(Items listed in a dataset)
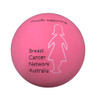 Spalding High Bounce Pink BCNA  Ball (Breast Cancer Network Australia) 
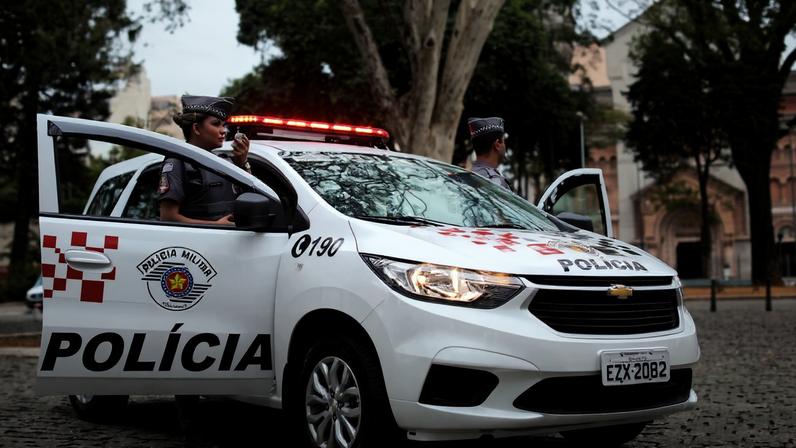 Concurso PM SP abre vagas para soldados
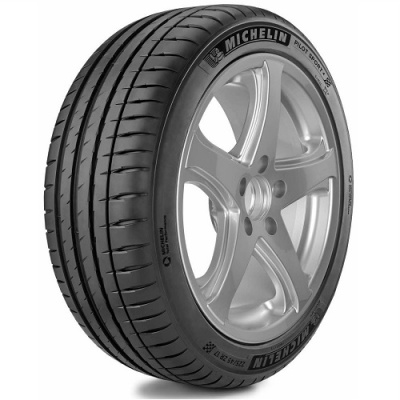 245/40R19 98Y MICHELIN PILOT SPORT 4 XL * S1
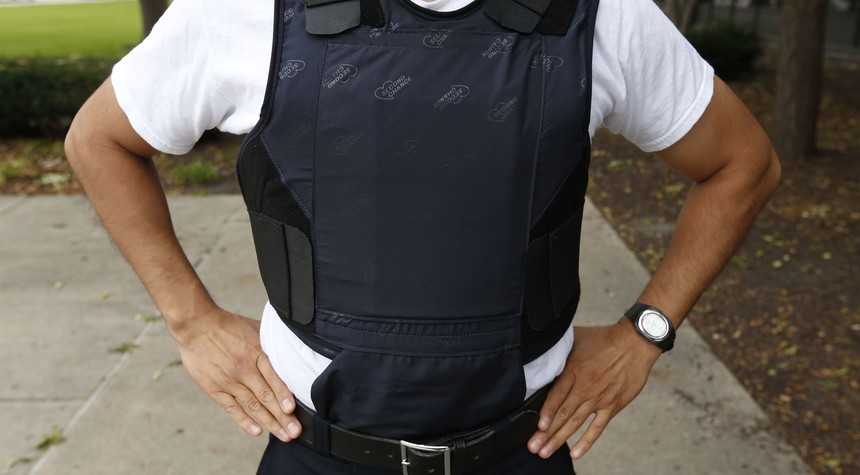 New York Democrats already looking to revise just-passed ban on body armor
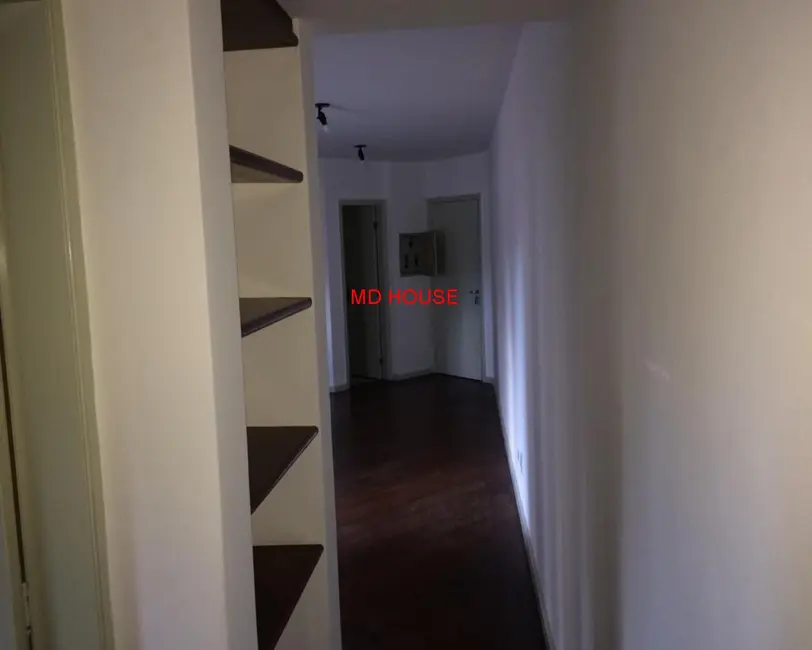 Apartamento com 2 quartos à venda, 60m2 em Vila Mariana, São Paulo - SP - imagem 3 Foto 3 de Apartamento com 2 quartos à venda, 60m2 em Vila Mariana, São Paulo - SP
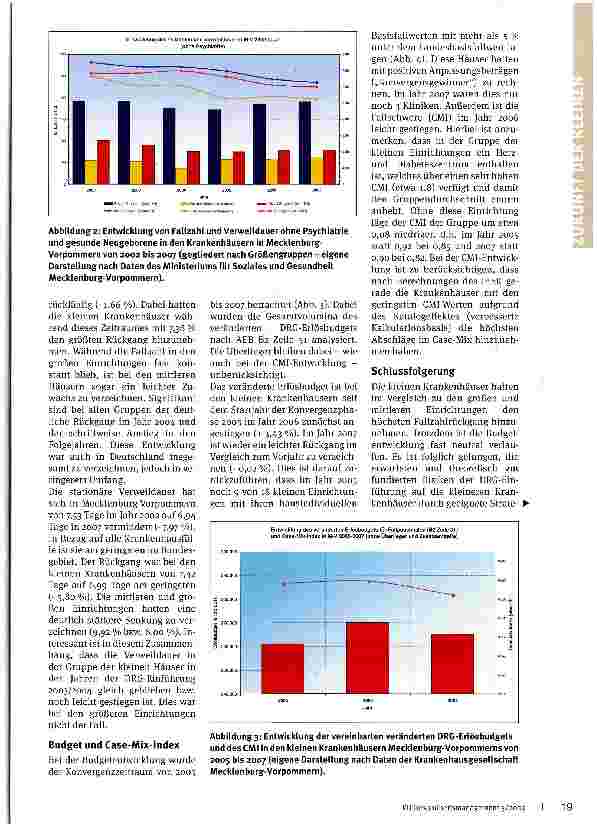 Vorschauseite 3: Größe ist nicht das wichtigste Kriterium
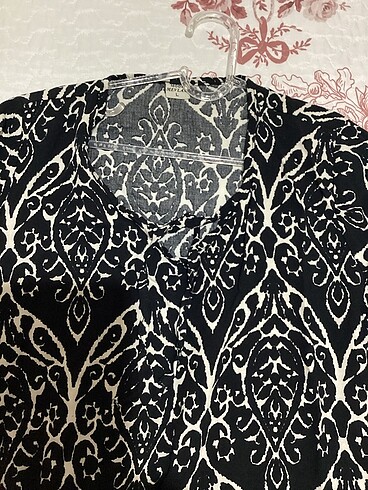 Aker elbise L beden sıfır - Görsel 3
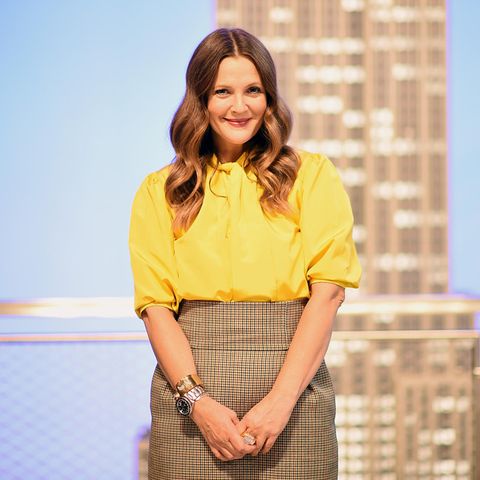 Drew Barrymore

PROBLEM STATEMENT :: Return, exactly as they appear, the lines from the line containing "Vorschauseite 3: Größe" through the end of the records above, both ends included, without pictures.

ANSWER FOR THE TASK ::
 Vorschauseite 3: Größe ist nicht das wichtigste Kriterium
 Aker elbise L beden sıfır - Görsel 3
 Drew Barrymore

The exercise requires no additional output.